For John Kerry, Oklahoma may be remembered as the one that got away. On Feb. 3, the Sooner State went the latest in awarding its delegates, thanks to a razor-thin margin of less than 1 percent separating the top two candidates. The shock for Mr. Kerry: He was not one of those two.
In all fairness, the Democratic front-runner didn't try very hard in Oklahoma. With only seven days to campaign in seven states, Sen. Kerry, like his challengers, had to pick his battles. Other contests looked more important on paper, and there were tough decisions to be made.
Still, at the end of the night, with retired Gen. Wesley Clark and Sen. John Edwards slugging it out for the top spot in Oklahoma, the Kerry camp had to be wondering whether they had miscalculated. After one of the biggest comebacks in modern political history, their candidate had failed to sweep the Crucial Tuesday states. A second-place finish in South Carolina could be forgiven, in light of the way Sen. Edwards campaigned as a favorite son there. But third place in Oklahoma? It showed there was a limit to how far a candidate could go on sheer momentum. It suggested a Massachusetts liberal might have trouble winning in the South. It meant the race would go on, if only for a few more days.
Not for everyone, however. Early in the evening, Sen. Joe Lieberman became the third Democrat to bow out of the race. After campaigning in Delaware nearly full-time for the past week, the former vice-presidential nominee managed only a dismal 11 percent showing, forcing him to admit that his "mainstream message" had been pushed to the fringe of his own party.

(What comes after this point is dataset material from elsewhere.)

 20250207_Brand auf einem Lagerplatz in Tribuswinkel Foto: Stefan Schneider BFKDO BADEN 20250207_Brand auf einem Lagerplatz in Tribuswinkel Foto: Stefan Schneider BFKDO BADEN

"The judgment of the voters is now clear," Sen. Lieberman told a crowd gathered in Arlington, Va., where he had hoped to compete in the Feb. 10 primary. "For me, it is now time to make a difficult but realistic decision. I have decided tonight to end my quest for the presidency of the United States of America. Am I disappointed? Naturally. But am I proud of what we stood for in this campaign? You bet I am."
What he stood for were centrist, moderate policies-war in Iraq, middle-class tax cuts, religion in public life-that failed to inspire liberal primary voters. Even as he admitted defeat, Sen. Lieberman seemed to warn that the Democratic Party ignored his message at its own peril.
"I offered a mainstream voice and I still believe that is the right choice and the winning choice for our party and our country," Sen. Lieberman said in his concession speech. "Today, the voters have rendered their verdict and I accept it." He indicated he would set aside his battle for moderation and support the eventual nominee.
The verdict was equally harsh for former Vermont Gov. Howard Dean, though he refused to make an equally graceful exit. The erstwhile front-runner finished no better than third anywhere in the country, and in several states he failed even to poll in the double digits. It was a stunning reversal for the Democrat who seemed poised, just weeks earlier, to sweep aside the competition and roll to an easy nomination.
"We're going to keep going and going and going and going and going just like the Energizer Bunny," Dr. Dean promised the faithful at an election-night rally in Washington, where the Feb. 7 party caucuses offered perhaps his last, best hope for a win. "We're going to pick up some delegates tonight and this is all about who gets the most delegates in Boston in July and it's going to be us."
They were fighting words, but the half-hearted cheer that went up proved few in the room actually believed the boast-if, indeed, the candidate himself did. Without a convincing win in Washington or Michigan, last week's Crucial Tuesday results would likely mark the beginning of the end. The utter implosion of the Dean campaign left two candidates-Wesley Clark and John Edwards-scrambling to emerge as the lone alternative to Sen. Kerry.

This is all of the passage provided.